• [Information]:
- - - - -
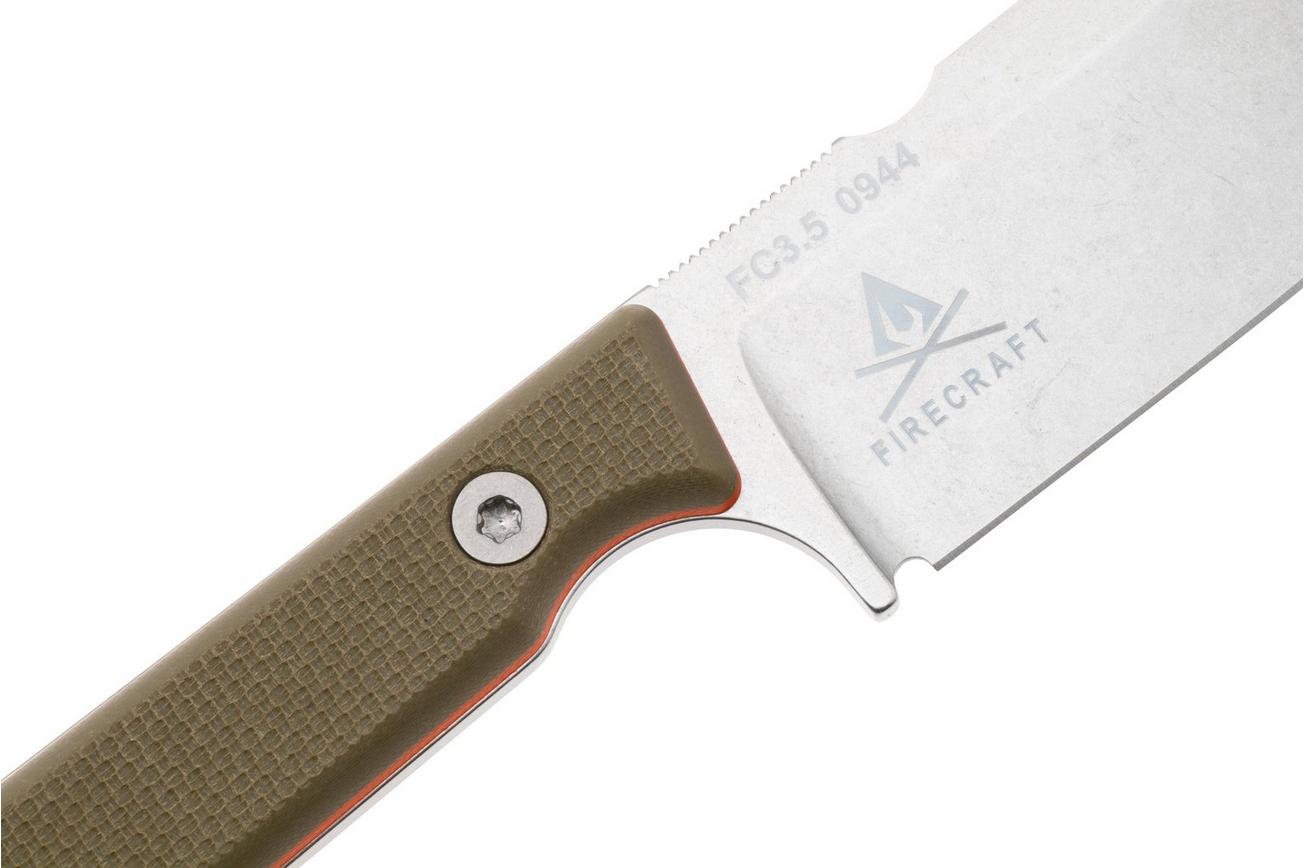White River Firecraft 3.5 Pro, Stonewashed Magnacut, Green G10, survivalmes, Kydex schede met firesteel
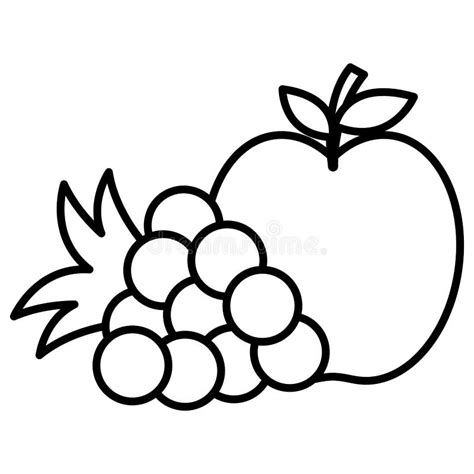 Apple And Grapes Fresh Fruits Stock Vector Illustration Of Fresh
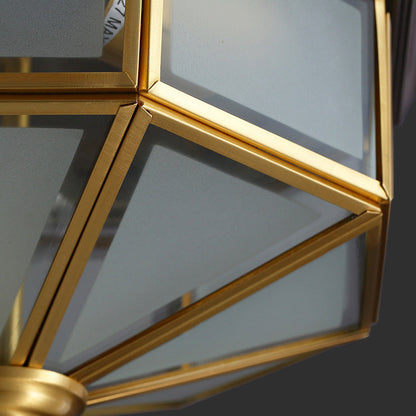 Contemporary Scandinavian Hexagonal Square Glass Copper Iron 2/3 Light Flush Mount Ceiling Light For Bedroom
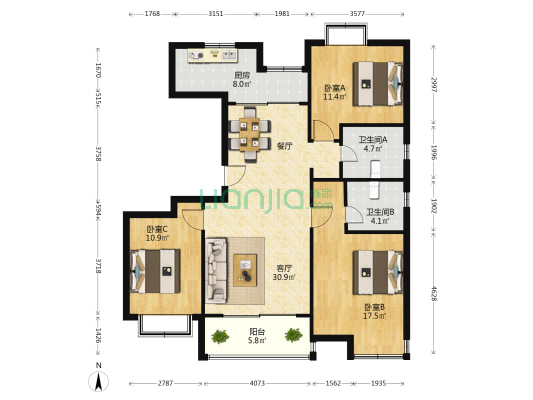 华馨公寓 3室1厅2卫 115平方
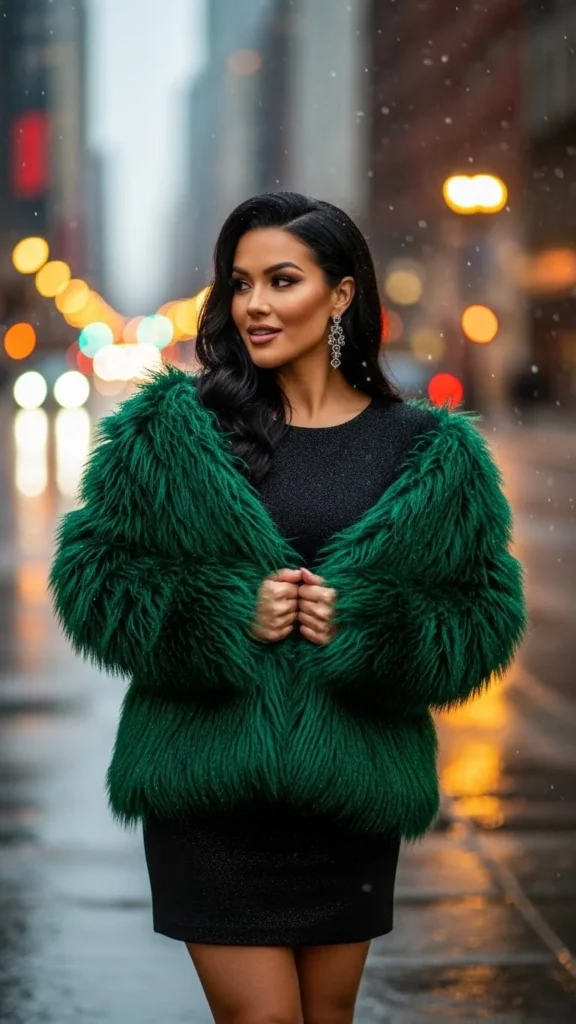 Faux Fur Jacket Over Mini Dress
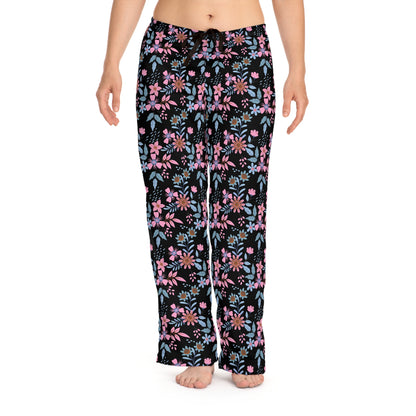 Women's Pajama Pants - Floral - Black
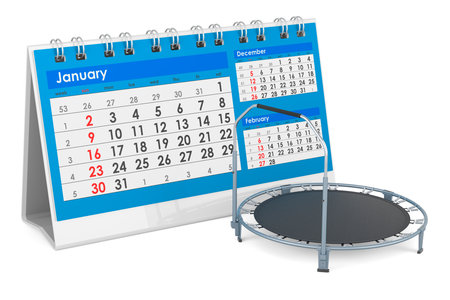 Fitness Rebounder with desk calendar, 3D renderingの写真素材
- - - - -
Your answer must be the full listing, reproduced word for word, without its pictures.

• [Solution]:
White River Firecraft 3.5 Pro, Stonewashed Magnacut, Green G10, survivalmes, Kydex schede met firesteel
 Apple And Grapes Fresh Fruits Stock Vector Illustration Of Fresh
 Contemporary Scandinavian Hexagonal Square Glass Copper Iron 2/3 Light Flush Mount Ceiling Light For Bedroom
 华馨公寓 3室1厅2卫 115平方
 Faux Fur Jacket Over Mini Dress
 Women's Pajama Pants - Floral - Black
 Fitness Rebounder with desk calendar, 3D renderingの写真素材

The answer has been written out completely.